A back-bench congressional Democrat has issued a warning to the president of the United States.

Rep. Ted Lieu says Congress will start impeachment proceedings if Donald J. Trump fired special counsel Robert Mueller and the fellow who picked him for the job, Deputy U.S. Attorney General Rod Rosenstein.

Message to the president? Don’t even think about it.

I’m not yet sure how Rep. Lieu knows what the House leadership would do. It’s run by members of the other party. Republican House Speaker Paul Ryan would be the key member to set impeachment proceedings into motion. I am not yet convinced Ryan has the fortitude to do the right thing if Trump were to commit what could be considered an impeachable offense.

I also have mixed feelings about an impeachment in the first place.

It’s clear to you, I am sure, that I don’t believe Trump is fit for the office to which he was elected. What would we get if Trump were impeached and then convicted in a Senate trial? Vice President Mike Pence is more of a “true conservative” than Trump. He seems competent enough, whereas Trump can’t find his backside with both hands when it comes to understanding the complexities of government.

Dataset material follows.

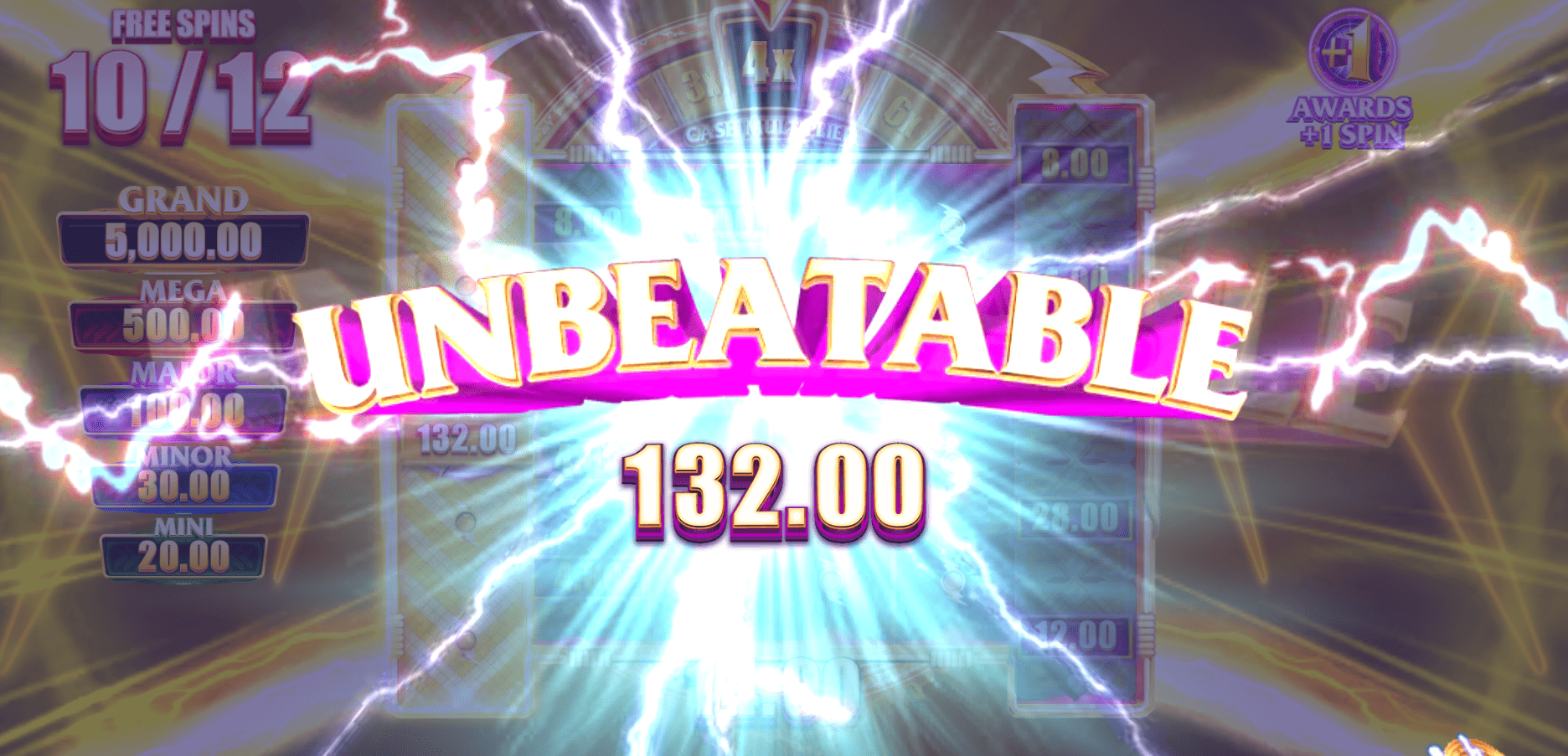 Estatísticas e matemática da Gold Blitz slot com foco em volatilidade alta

OK, I didn’t support the Republican ticket in November 2016. I do take some solace, though, in realizing that I am a member of a majority of voters who endorsed the other major-party candidates.

But … back to my point about impeachment.

We’re a long way from even thinking about that — unless the president does something seriously foolish by firing Mueller and Rosenstein.

Turn the special counsel loose

If history is any guide, a special counsel investigation aimed at rooting out issues relating to the president of the United States and his alleged ties to Russia well could develop a life of its own.

Robert Mueller has been given the task of finding out whether Donald John Trump’s presidential campaign was complicit in Russian government efforts to swing the 2016 presidential election. He’s also going to examine possible links between a former national security adviser, Michael Flynn, to the Russians. Moreover, he has latitude to look into whether the president obstructed justice by “asking” former FBI Director James Comey to shut down a probe of Flynn’s ties to Russia.

Could there be even more to learn, beyond the official tasks given to Mueller — himself a former FBI director?

Mueller’s the man

We have some historical precedent to ponder.

Kenneth Starr once held the title of “independent prosecutor.” His duty in the 1990s was to look at a real estate venture involving President Bill Clinton and his wife, Hillary Rodham Clinton. Republican critics in Congress thought there were some shady circumstances that needed to be examined. Starr began poking around and discovered some evidence of a relationship between President Clinton and a young 20-something White House intern.

A federal grand jury summoned the president to testify. The president took an oath to tell the whole truth to the grand jury — and then he lied about his relationship.

Ah-hah! GOP House members then cobbled together an impeachment proceeding that charged the president with perjury and obstruction of justice. The House impeached the president. The Senate held its trial and he was acquitted.

Will history repeat itself? I have no clue. My guess is that special counsel Mueller doesn’t yet know where his probe will lead.

These matters do have a way of growing legs. The statute gives Mueller considerable leeway in his pursuit of the truth. The president cannot fire him; he can, though, order the Justice Department to do so. Let’s hope that Donald Trump resists that impulse. I know that’s a tall order, given the self-proclaimed joy he gets when he fires people.

But the Justice Department’s deputy attorney general, Rod Rosenstein, has picked a serious legal heavyweight to do some seriously heavy lifting.

It’s time now for Robert Mueller to get busy. Rapidly.